- _WORK ORDER_: Every line from the one with "Creamy Garlic Alfredo Chicken 2" up to and including the one with "Laptop Lap Desk, Lap" is to be output exactly as it appears below; pictures are not.

- _EXTRACTED ENTRIES_:

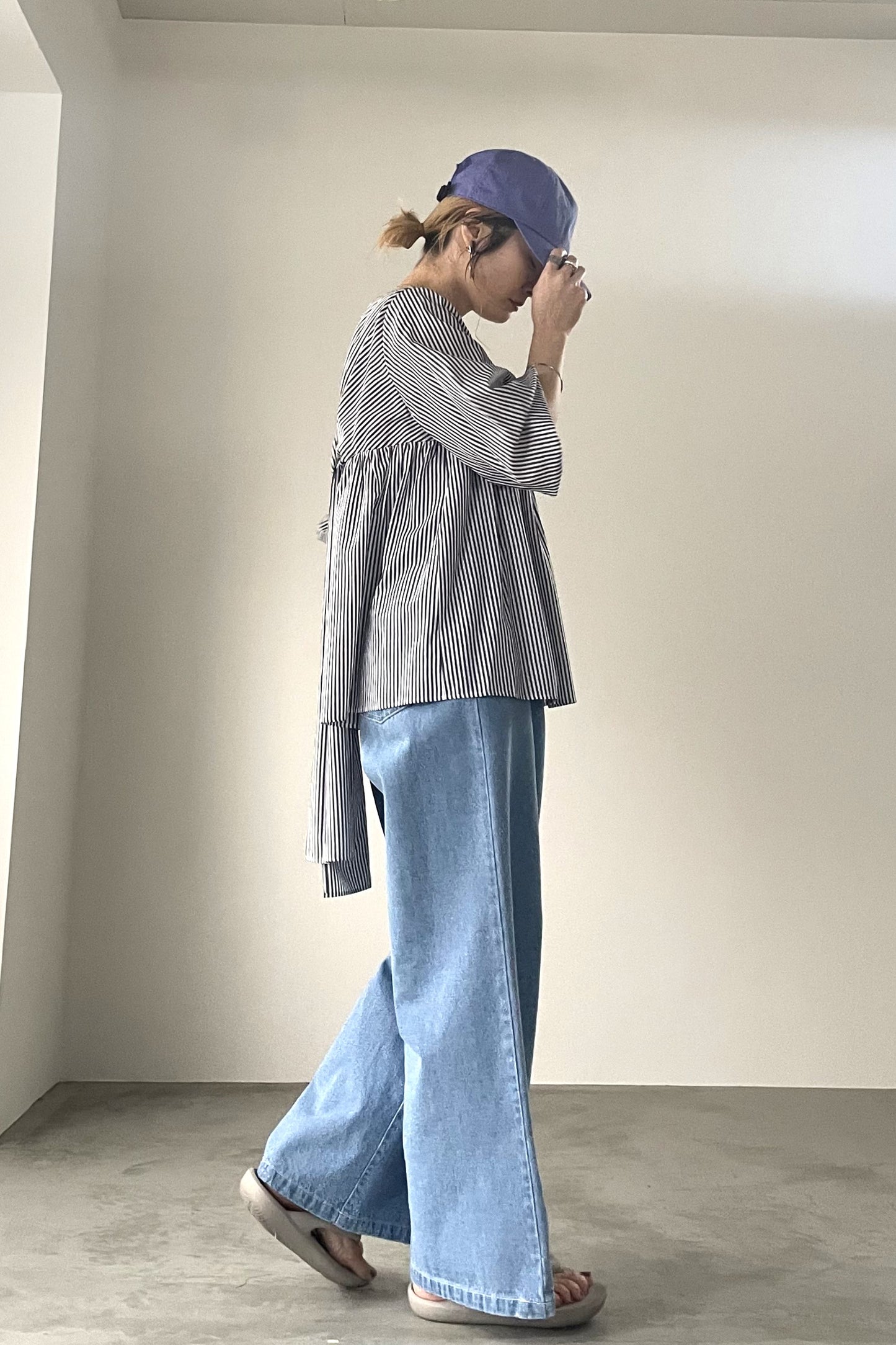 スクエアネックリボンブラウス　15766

==

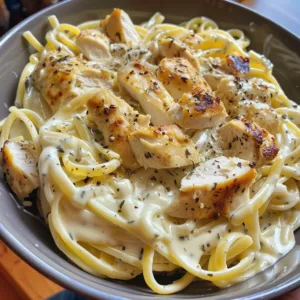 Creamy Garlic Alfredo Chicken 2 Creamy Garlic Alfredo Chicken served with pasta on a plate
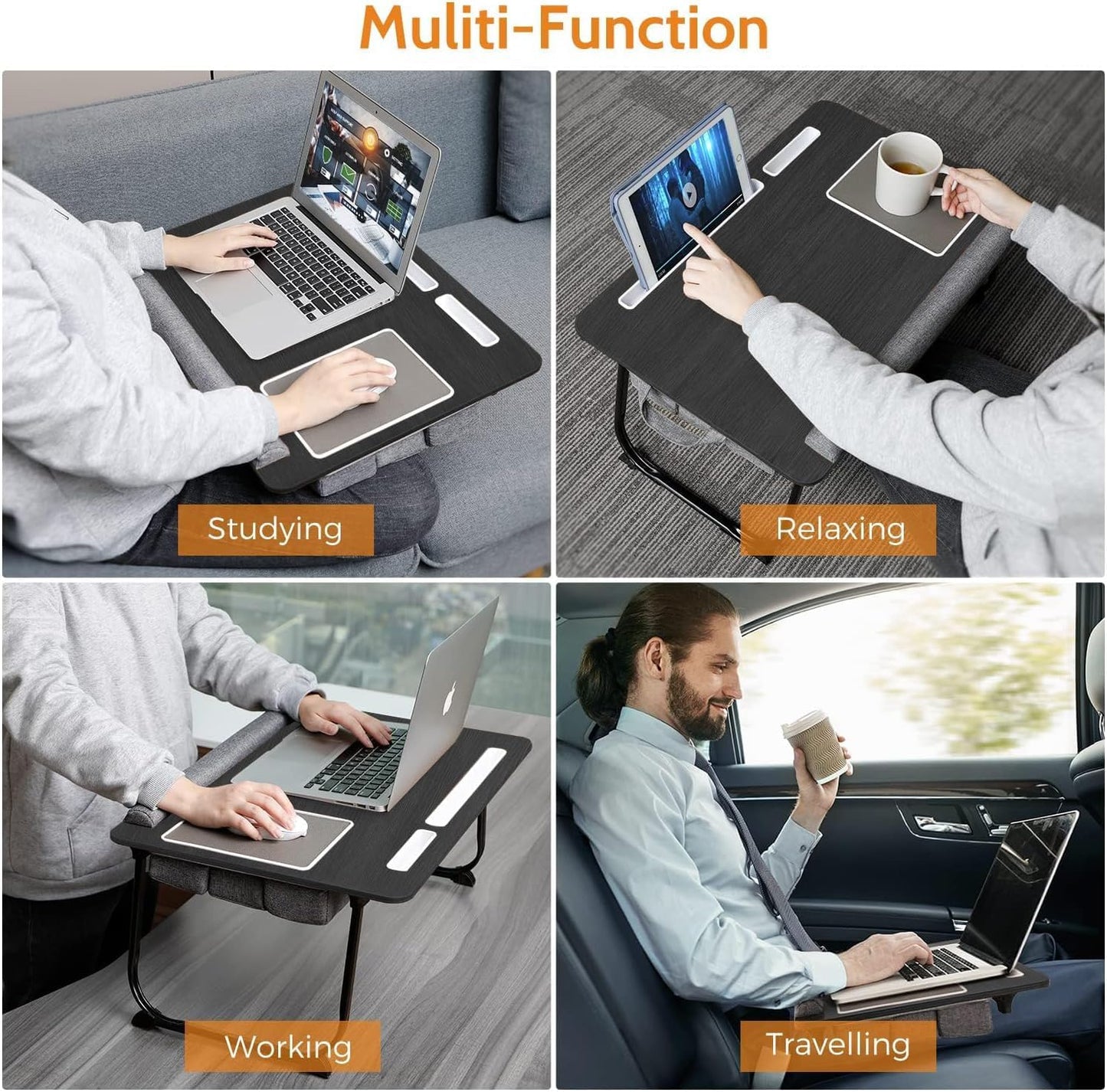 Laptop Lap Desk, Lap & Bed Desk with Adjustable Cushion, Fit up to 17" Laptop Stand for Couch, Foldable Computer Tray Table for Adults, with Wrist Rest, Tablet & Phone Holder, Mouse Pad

- _ANSWER SECTION_:
 Creamy Garlic Alfredo Chicken 2 Creamy Garlic Alfredo Chicken served with pasta on a plate
 Laptop Lap Desk, Lap & Bed Desk with Adjustable Cushion, Fit up to 17" Laptop Stand for Couch, Foldable Computer Tray Table for Adults, with Wrist Rest, Tablet & Phone Holder, Mouse Pad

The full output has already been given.